Laurent Sartoretti prend le nom d’Étienne de Sainte-Marie en souvenir de sa mère Marie Crescenzia. Il fait profession le 25 juin 1925. Il a 23 ans. Pendant 72 ans de vie religieuse, l’activité du Père Étienne sera variée. Prieur à diverses reprises, prédicateur de retraite, confesseur des carmélites, il est un homme d’études, d’intuitions et de convictions résolues.
Passé 80 ans, le solide valaisan passait donc la main du priorat à différents frères nommés directement par Rome. Le 3 décembre 1991, le couvent était confié à la Province d’Aquitaine avec un supérieur nommé par le conseil provincial. Le Père Étienne avait été mon prieur je serai le sien pour quelques années. Lors du chapitre provincial d’avril 1996, le couvent de Fribourg sera érigé en prieuré avec le Frère Denis Chardonnens comme prieur. Le Père Étienne mourra le 31 octobre de cette même année à la maison Jean-Paul II, après 72 ans de profession. Il aura traversé le siècle et connu 9 papes, de Léon XIII à Jean-Paul II !

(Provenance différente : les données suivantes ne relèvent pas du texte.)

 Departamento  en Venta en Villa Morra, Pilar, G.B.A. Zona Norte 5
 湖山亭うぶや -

Comme prêtre il a dû célébrer plus de 11 000 messes !
Je voudrais relever ce qui me semble être une caractéristique très parlante pour aujourd’hui de la vie du Père Étienne : le lien entre la connaissance de la doctrine carmélitaine et l’apostolat par et de l’oraison. En 1937, il fonde Spiritualité carmélitaine destinée aux carmes, aux carmélites et aux membres du carmel séculier ; revue doctrinale et historique de formation conçue, comme primitivement la revue Carmel, comme un lien entre les trois branches de l’ordre : « L’ordre du Carmel, écrivait-il dans l’éditorial du premier numéro, est une école pratique de sainteté. Il a la prétention d’enseigner à ses membres les voies de la perfection, de leur donner aussi à côté de la lumière de la doctrine, le stimulant si efficace de l’exemple ». Cette revue, trop vite arrêtée (1937-1953) et trop vite oubliée, est un exemple du genre. La sûreté de la doctrine carmélitaine et de son histoire est mise à la disposition du lecteur pour qu’il puisse se l’approprier. Seul le numéro écrit par le Père Étienne, Conversation avec Dieu, publié en 1953 a été sauvé de l’oubli par les Éditions du Carmel en 2004.

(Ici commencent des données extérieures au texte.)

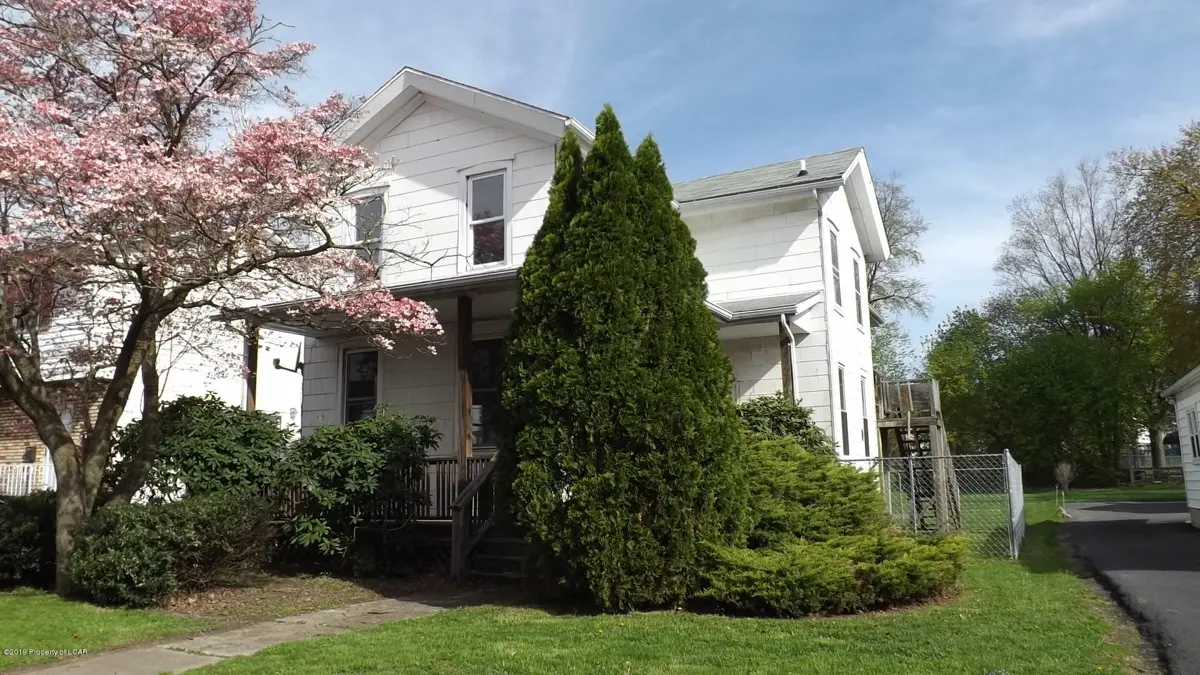 32 Ransom Street, Forty Fort in Forty Fort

Sa conviction est claire : « L’oraison ne constitue pas seulement la caractéristique du Carmel, son occupation par excellence, elle est aussi son grand moyen d’apostolat », écrivait-il en 1937. « L’ordre du Carmel, qui exige de ses membres une vie de prière intense, se devait d’enseigner à ses enfants le grand art de converser avec Dieu, il ne pouvait manquer de tenir école d’oraison ». « Apprendre au monde à prier » tel est la vocation du carme, de la carmélite et du carme séculier. D’où la nécessité de se former doctrinalement et de pratiquer soi-même l’oraison. Spiritualité carmélitaine se voulait un outil pour « sortir du chemin de vaches » comme il disait. « L’ordre du Carmel, à la fois citadelle et école d’oraison donne au monde l’exemple et l’enseignement lumineux. »
Ce lien entre doctrine carmélitaine et pédagogie pratique apparaît aussi dans le fascicule Pas à pas avec saint Jean de la Croix et dans Avec Jean de la Croix, publié en italien en 1978 par Don Angelo Albani et aussitôt traduit en 1979 par le P. Étienne. En 1957, il traduisait La science de la Croix d’Edith Stein qui restera jusqu’au récentes éditions critiques la seule porte d’entrée pour le lecteur francophone à l’œuvre de la carmélite philosophe.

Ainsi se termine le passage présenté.